Cities and climate change: The challenges for governance

Local governments face many challenges in their efforts to mitigate and adapt to climate change. For any city, climate is but one of many issues on the local agenda. Governments are also faced with the tradeoffs between current priorities and long-term risks, a situation compounded by the uncertainties that may surround the timing and severity of climate-related impacts in a city.

Most cities undertaking climate plans find themselves constrained by fiscal and policymaking limitations. Jurisdictional conflicts over who can or must take action on a specific mitigation or adaptation initiative can make progress challenging. For example, in Mexico City, administrative boundaries do not align with the city’s geographic boundaries and carbon-relevant functioning. Similar issues exist in Paris, where the Plan Climat de Paris is focused on the 105 km2 area under the direct control of the Maine de Paris, a fraction of the Paris metropolitan region which totals 700 km2 and is under the jurisdiction of three other departements. In Durban, local officials are seeking to ensure that climate change does not get pigeonholed as simply an environmental issue, but instead is more appropriately seen as a development-related challenge.

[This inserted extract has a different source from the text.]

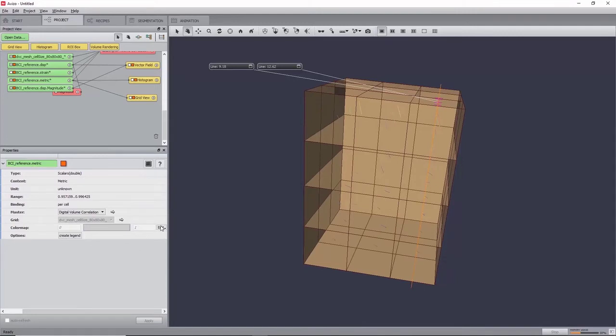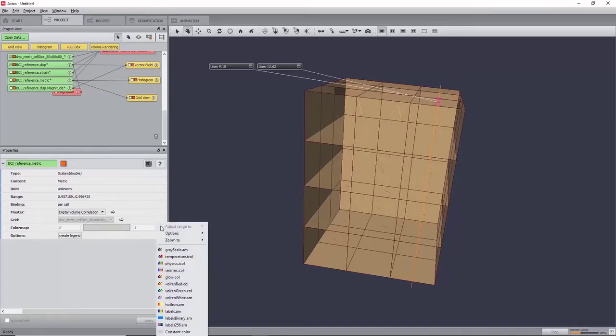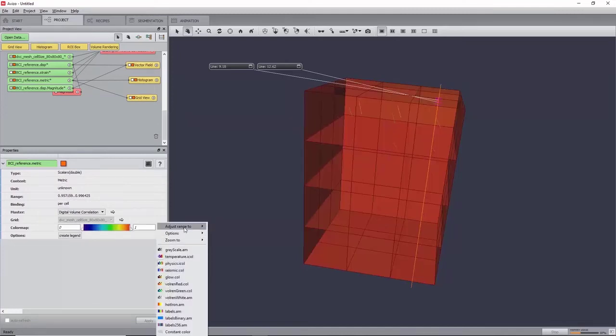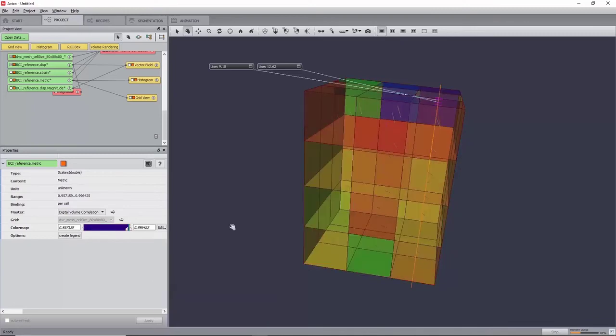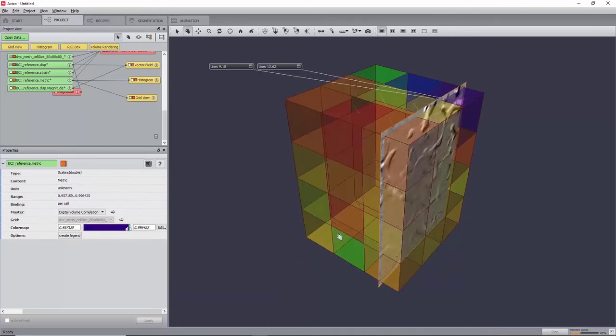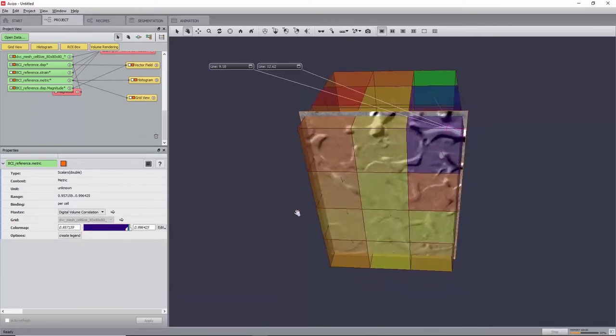Set the color map port to physics.am, and adjust the range by clicking on Edit Adjust Range to BCI_reference.metric.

Despite these difficulties, cities around the world are committing to action on climate change, entering into dialogues with state, provincial, and national governments to discuss their climate policy agendas. Cities are also increasingly focused on data gathering, both to improve internal management practices and to allow for comparison with other cities around the world.

In examining how cities are delivering effective action on climate change adaptation and mitigation, four key factors emerge:

• Effective leadership is critical for overcoming fragmentation across neighborhoods and sectors when building consensus on the climate change agenda in cities;

• Efficient financing is a core requirement for empowered governance in cities; success to date with efforts to confront climate change challenges has been hampered due to deficient financing;

• Jurisdictional coordination across city, state, and national governments is one of the most pressing challenges common to cities worldwide; and,

• Citizen participation can help in development of inclusive local government decision-making on climate change.